Maria Gabriella Micale

(Università degli Studi di Roma “La Sapienza”, Rome, Italy)

Since European archeological activities started in the 19th century, efforts to reconstruct the images of ancient Near Eastern cities in publication have affected the character of both the production and diffusion of discoveries to the general public and the scholarly world. During the course of time, the practice of creating likely images, not only of decorative apparata but for mostly of architectural remains, has become a “traditional” practice. At the same time, creating images is a crucial device that archaeologists and other scholars have developed and still develop to hypothesize, manage, perform, visualize and hand down the quantities of data that they produce. If the assumptions and aims of architectural reconstruction did not completely change from the 19th century until today, the development of technology has gradually affected them, turning a mere image into a virtual reality.
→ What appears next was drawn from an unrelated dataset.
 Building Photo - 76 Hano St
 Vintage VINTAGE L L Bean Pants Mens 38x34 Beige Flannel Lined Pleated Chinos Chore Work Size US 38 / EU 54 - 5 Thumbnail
This paper aims at presenting an analytical investigation of some recent experiences in the field of the digital architectural reconstructions. The analysis mainly emphasizes the role of both real and mental sources of reconstructed contexts, recognizing and “disentangling” their components. Thus, we must start from a structuralist analysis of the whole of the archeological and architectural data in each case, in order to explain the nature of each architectural context and so render it in return to its most likely image. Thus, it is possible to bring together the reconstructed components of the whole context and look at it in the light of its complex nature, its limits and contradictions. This is also the start of a new and maybe even more “real” intellectual experience of Mesopotamian architecture.